Bowl of the spherical cap and its diameter Bowl has the shape of spherical cap. Its height is v=15 cm. If you want all the water in the bowl to leak out, you must to tilt the bowl at least 60°.
like this:  

What is the inner diameter of the widest part of the bowl, calculated to the nearest mm?
 A: Nice picture, very helpful for the solution.  Actually, the picture is the solution, it is where the real mathematics is.  Once we see what's happening, the rest is essentially mechanical.
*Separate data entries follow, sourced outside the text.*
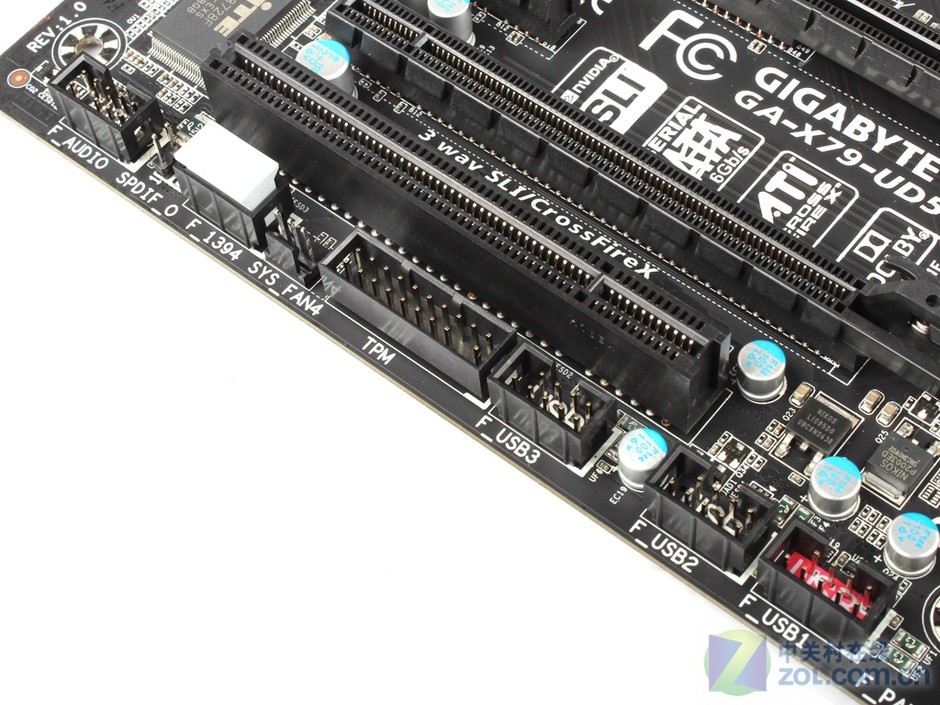 全新3dbios设计技嘉高性能x79多图赏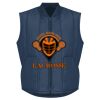 Men's Quilted Vest Thumbnail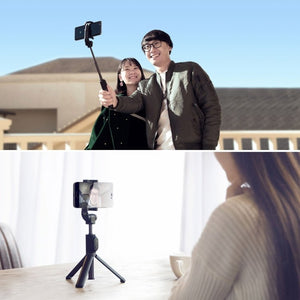 Original Xiaomi Mi Selfie Stick Tripod Folding Extendable Bluetooth Monopod Holder - laboratorydeal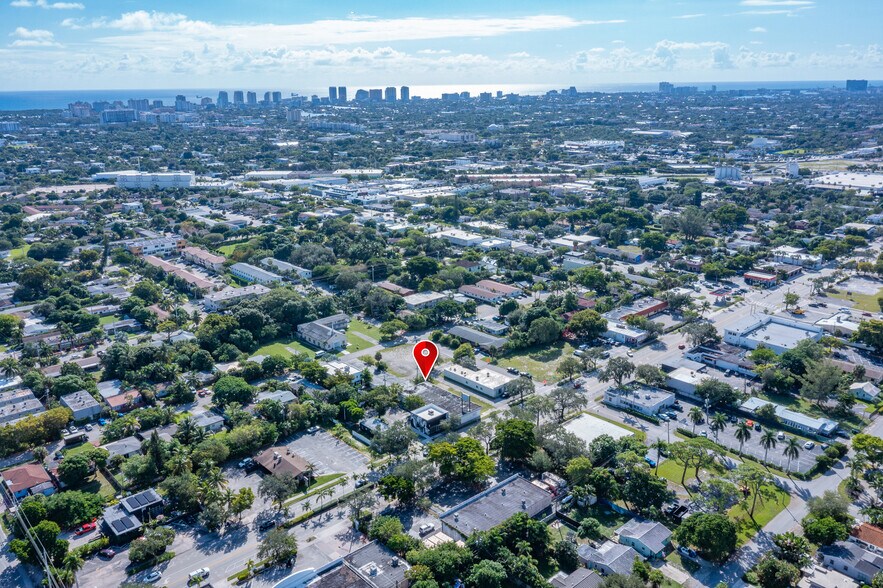 More Photos Of 1408 NE 4th Ave, Fort Lauderdale Freestanding For Sale
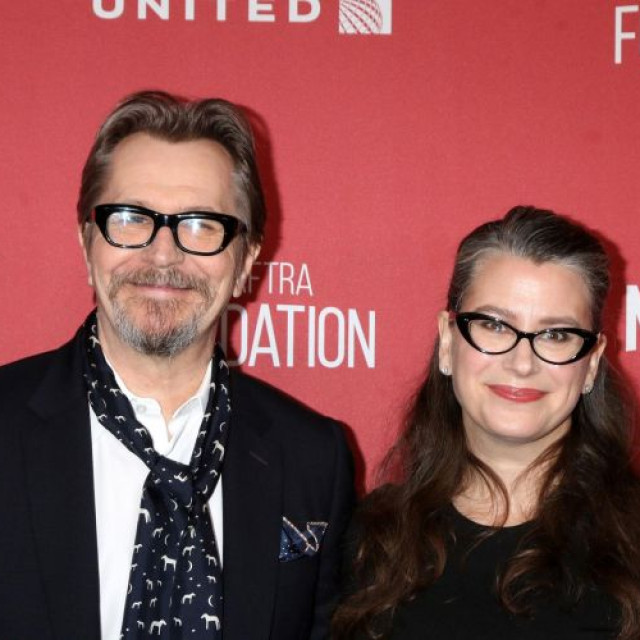 Gary Oldman Hopes This Is His Last Marriage 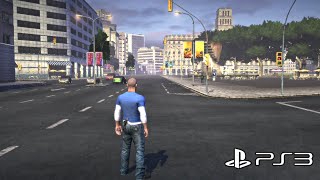 Vin Diesel Wheelman Ps3 Gameplay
We use the tilted version of the picture. 
For $60^\circ$ to be the smallest angle at which all the water leaks out, the line at the bottom must be tangent to the sphere at the point of contact.  Let the point of contact, and tangency, be $T$.  
Draw the vertical line at the point $T$ of tangency. This line goes through the centre $O$ of the sphere. Join $O$ to the bottom point $B$ of the bowl. Suppose that the line $OB$ meets the top surface of the water at $M$. Thus $M$ is the centre of the circle that used to be the top surface of the water. 
Note that $\angle OTM$ is $30$ degrees.  If $R$ is the radius of the complete sphere of which the bowl is a part, then $OM=R-15$.  
The ratio $\frac{R-15}{R}$ is the sine of the $30$ degree angle, so $\frac{R-15}{R}=\frac{1}{2}$, and therefore $R=30$. 
We want the distance $MT$, which is the side of a right-angled triangle with hypotenuse $30$ and other side $15$ (because $30-15=15$). Thus, by the Pythagorean Theorem,  $MT= \sqrt{30^2-15^2}$. Double to get the diameter. Equivalently, we can use the fact that $\frac{MT}{R}$ is the cosine of the $30$ degree angle.
Remark: The angle $60$ is a "nice" angle. That made the calculation easier. However, if it had been the less nice angle of say $61^\circ$, the calculation would have the same structure. Then $\frac{R-15}{R}$ would be the sine of the $29$ degree angle. Solve for $R$, and use the Pythagorean Theorem.